Dazzling Visual Effects Bring MUMMY To Life
A sacred tomb. Buried treasure. An ancient priest filled with rage. Looks like a job for Indiana Jones, right? Not this time. It’s Brendan Fraser who saves the day in The Mummy, an entertaining, but over-long, homage to those old Saturday matinee adventure films.
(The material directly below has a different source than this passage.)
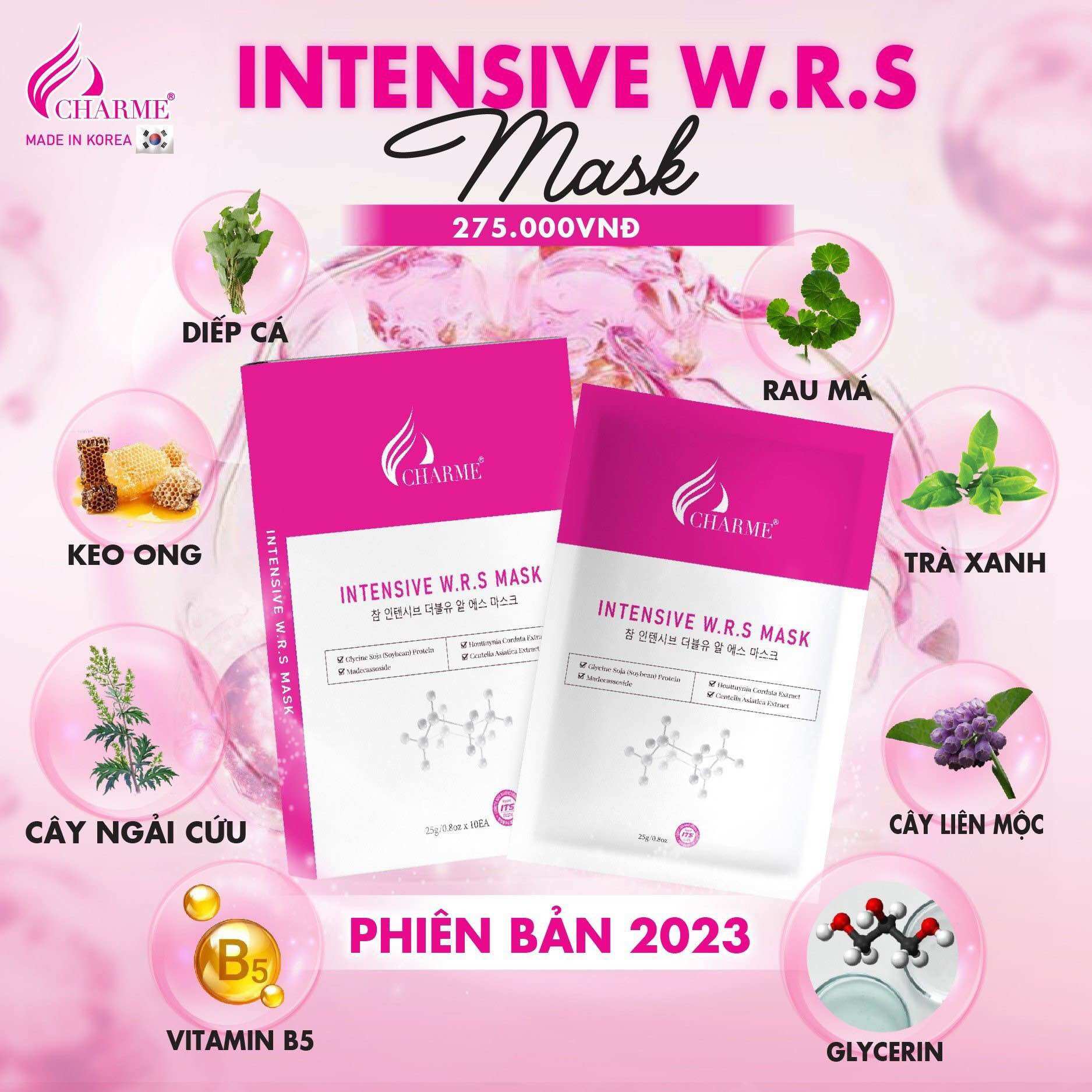 Mặt nạ tái sinh phục hồi intensive w.r.s mask mẫu mới 2023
As a result of his quirky performances in George of the Jungle and Blast From the Past, this appealing star has developed quite a following among youngsters everywhere. At the George of the Jungle world premiere in San Diego’s Wild Animal Park, Fraser seemed more Pied Piper than actor as children surrounded him during the entire event. While this third film version of The Mummy may be too scary for very young kiddies, others will enjoy watching Fraser in his first role as an action hero. His cynical, tongue-in-cheek humor gives this wild ride of a movie its touch of reality. .
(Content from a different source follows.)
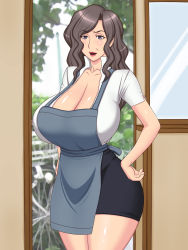 Rule 34 | 1girl, apron, blush, breasts, brown hair, cleavage, curvy, door, hands on own hips, highres, hip focus, housewife, huge breasts, lipstick, long hair, makeup, mature female, purple eyes, shirt, skirt, solo, standing, white shirt, wide hips, window, yukijirushi nyugyou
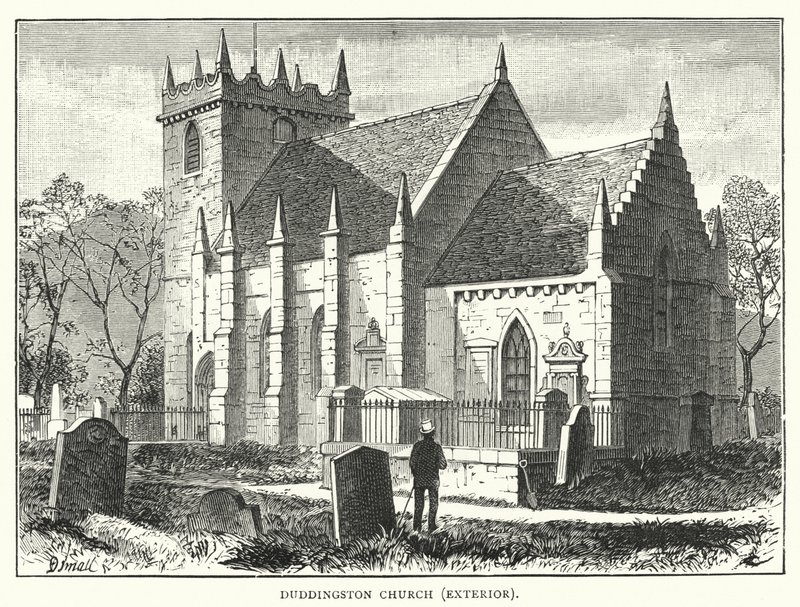Iglesia de Duddingston, Exterior (grabado) de English School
Fraser plays a former member of the French Foreign Legion facing the wrath of an Egyptian priest entombed with flesh-eating bugs for over 3,000 years. (Don’t you hate it when that happens?). Opening scenes of horror in the Thebes of 3,000 B.C. lay the groundwork for the Mummy’s fury. They depict a doomed affair between the priest and the Pharaoh’s mistress. Moving to the 1920s, Fraser’s garrison comes across ruins of the lovers’ tomb. Later, in Cairo, a beautiful librarian (Rachel Weisz) and her brother (John Hannah) obtain Fraser’s help in trying to locate a sacred book made of pure gold they believe is hidden among those ruins. Naturally (or supernaturally?), all sorts of mysterious forces are unleashed during their search for this treasure.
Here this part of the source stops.